□卫正付
整理旧物时,从床底拖出一个纸箱,沉甸甸的。打开一看,是高三那一整年的试卷和本子。语文、数学、英语、文综,分门别类用夹子夹着,纸张泛黄,边角卷起。最上面是一本错题本,封面用透明胶粘过,胶带发黄发脆,一碰就翘起来。

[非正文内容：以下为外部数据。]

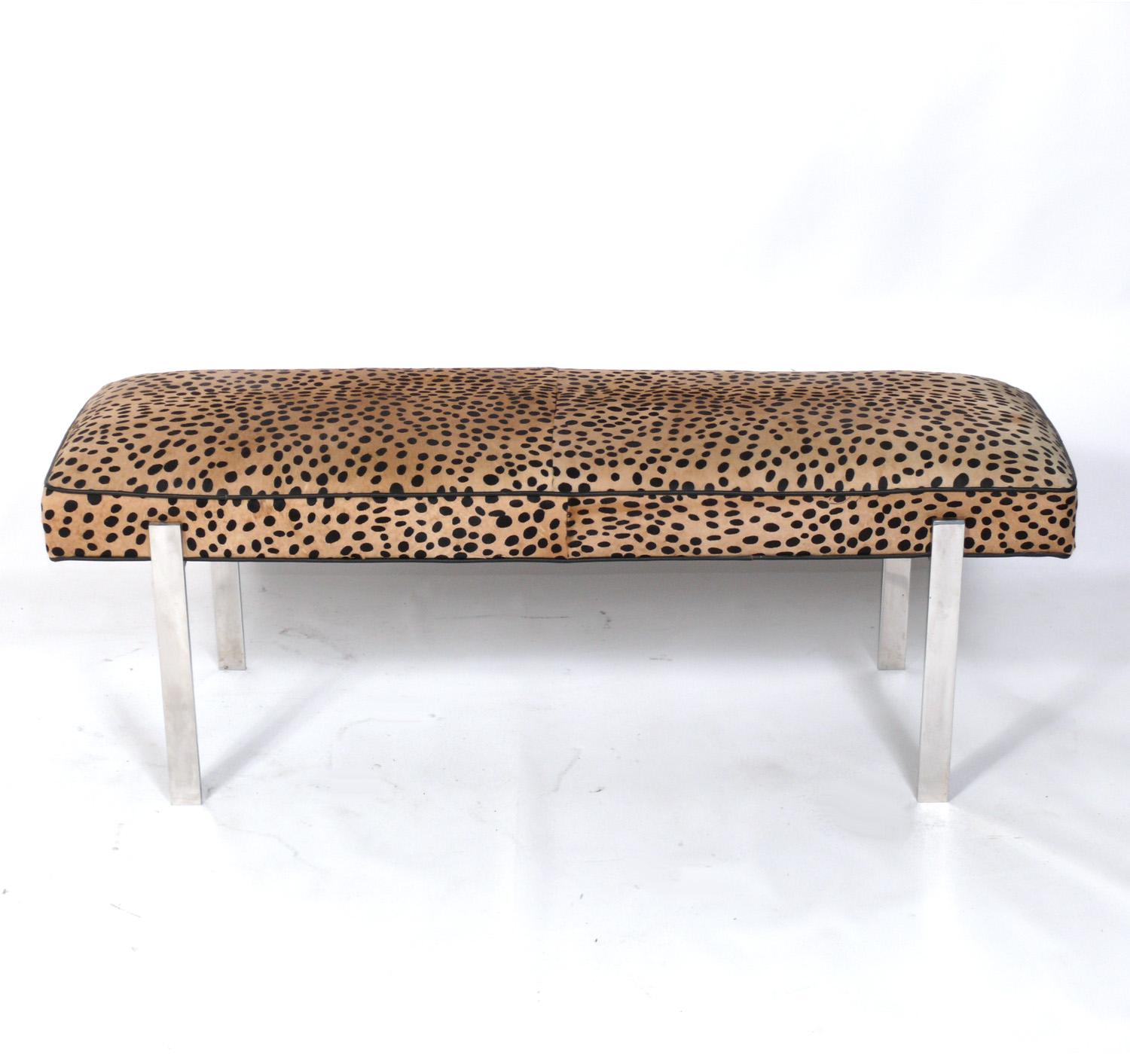 Clean Lined Chrome bench, circa 1980s. High quality construction with heavyweight chrome frame and faux cheetah print hair on hide upholstery.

我翻开错题本,里面密密麻麻,红笔蓝笔交替。红色的打叉和订正,蓝色的批注和总结。有一页写着“圆锥曲线,注意定义域”,旁边画了个感叹号。那感叹号写得用力,纸背都凸起来了。我摸摸那个凹痕,想起那个下午——窗外太阳白晃晃的,我趴在桌上,一遍一遍地算,草稿纸用了七八张,最后终于算对,长出一口气,在错题本上狠狠写下那个感叹号。那时候觉得,这一辈子都不会再犯同样的错了。

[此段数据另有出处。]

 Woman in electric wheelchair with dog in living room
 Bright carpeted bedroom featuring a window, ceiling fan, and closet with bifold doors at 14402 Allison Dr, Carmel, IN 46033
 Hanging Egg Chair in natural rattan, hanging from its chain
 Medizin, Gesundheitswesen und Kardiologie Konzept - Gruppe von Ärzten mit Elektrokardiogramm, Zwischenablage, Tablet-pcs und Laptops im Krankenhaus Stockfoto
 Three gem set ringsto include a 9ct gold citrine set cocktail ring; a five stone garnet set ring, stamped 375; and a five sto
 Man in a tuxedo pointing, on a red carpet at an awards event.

试卷更是多。语文卷上的作文,红笔圈出过“立意偏浅”;英语卷的阅读理解,五道题错了四道,老师在旁边写了一个“?”;数学卷最后一道大题,常常只写了一个“解”字就空着。可是这些空着的地方,后来都被我填满了。我学会了一件事:不怕空白,空白是留给后来填的。
盛夏的午后,教室里热得像蒸笼。没有空调,只有头顶的吊扇慢慢转着,扇出的风都是热的。我把湿毛巾搭在脖子上,低头做题,汗珠从额角滑下来,滴在卷子上,洇开一小团。我用袖子擦掉,继续写。那时候不觉得苦,反而有一种奇怪的踏实感——世界很大,未来很远,而我能抓住的,就是眼前这张卷子。做对了,就往前推一点儿;做错了,退回来重新推。像推石头上山,石头会滚,但手没松开。
错题本越来越厚,从薄薄一本变成鼓鼓囊囊的一摞。每一道错题都是一个坑,我掉进去过,爬出来,在旁边插一面小红旗,提醒自己下次绕开。有的坑掉过两三次,红旗插了好几面,后来终于不再掉了。那些红旗在纸上密密麻麻,像一个小小的战场。我赢了,不是打赢了别人,是打赢了那个粗心的、偷懒的自己。
读到唐代杜荀鹤的《小松》:“自小刺头深草里,而今渐觉出蓬蒿。”小松在草丛里时不被看见,可它一直在长,渐渐高过蓬蒿。那些试卷和错题本,就像深草里的刺头,外人看着枯燥,我自己知道,它们一天天把我往上托。不是托到多高的地方,是托出那片杂草丛生的荒芜。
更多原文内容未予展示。